How to generate jacobian of a tensor-valued function using torch.autograd?

Question

Computing the jacobian of a function f : R^d -> R^d is not too hard:

def jacobian(y, x):
    k, d = x.shape
    jacobian = list()
    
    for i in range(d):
        v = torch.zeros_like(y)
        v[:, i] = 1.
        dy_dx = torch.autograd.grad(y, x, grad_outputs = v, retain_graph = True, create_graph = True, allow_unused = True)[0]  # shape [k, d]
        jacobian.append(dy_dx)
    jacobian = torch.stack(jacobian, dim = 1).requires_grad_()
    return jacobian

Above, jacobian is invoked with y = f(x). However, now I have a function g = g(t, x), where t is a torch.tensor of shape k and x is a torch.tensor of shape (k, d1, d2, d3). The result of g is again a torch.tensor of shape (k, d1, d2, d3)

I've tried to use my already existing jacobian function. What I did was

y = g(t, x)
x = x.flatten(1)
y = y.flatten(1)
jacobian(y, x)

The problem is that all the time dy_dx is None. The only explanation I have for this is that most probably the dependency graph is broken after the flatten(1) call.

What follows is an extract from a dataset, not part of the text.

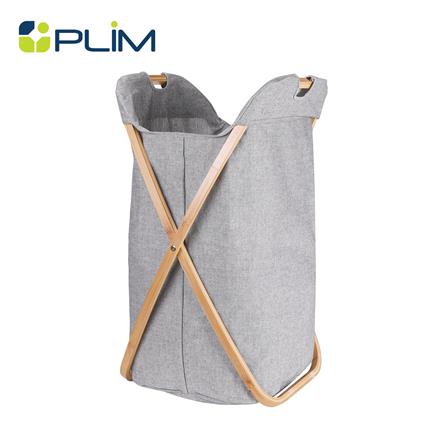 ถังผ้าเหลี่ยมขาไขว้ไม้ PLIM 44x66 ซม. สีเทา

So, what can I do here? I should remark that what I actually want to compute is the divergence. That is, the trace of the jacobian. If there is a more performant solution for that specific case available, I'd be interested in that one.

Answer 1

You are correct, you are passing x.flatten(1) as an input even though y - let alone y.flatten(1) - was computed from x, not x.flatten(1). Instead, you could avoid the flattening with something like this:

def jacobian(y, x):
    jacobian = []
    for i in range(x.numel()//len(x)):
        v = torch.zeros_like(y.flatten(1))
        v[:, i] = 1.
        dy_dx, *_ = torch.autograd.grad(y, x, v.view_as(x), 
                      retain_graph=True, create_graph=True, allow_unused=True)
        jacobian.append(dy_dx)
    jacobian = torch.stack(jacobian, dim=1)
    return jacobian

So after calling the function, you can flatten d1, d2, and d3 together. Here is a minimal example:

x = torch.rand(1,3,2,2, requires_grad=True)
J = jacobian(x**2, x)

> J.flatten(-3)
tensor([[[1.2363, 0.0000, 0.0000, 0.0000, 0.0000, 0.0000, 0.0000, 0.0000],
         [0.0000, 0.2386, 0.0000, 0.0000, 0.0000, 0.0000, 0.0000, 0.0000],
         [0.0000, 0.0000, 1.0451, 0.0000, 0.0000, 0.0000, 0.0000, 0.0000],
         [0.0000, 0.0000, 0.0000, 1.4160, 0.0000, 0.0000, 0.0000, 0.0000],
         [0.0000, 0.0000, 0.0000, 0.0000, 0.4090, 0.0000, 0.0000, 0.0000],
         [0.0000, 0.0000, 0.0000, 0.0000, 0.0000, 1.7642, 0.0000, 0.0000],
         [0.0000, 0.0000, 0.0000, 0.0000, 0.0000, 0.0000, 0.3041, 0.0000],
         [0.0000, 0.0000, 0.0000, 0.0000, 0.0000, 0.0000, 0.0000, 1.1995]]],
       grad_fn=<ViewBackward0>)

From here, I guess you can compute the trace you're looking for with torch.trace.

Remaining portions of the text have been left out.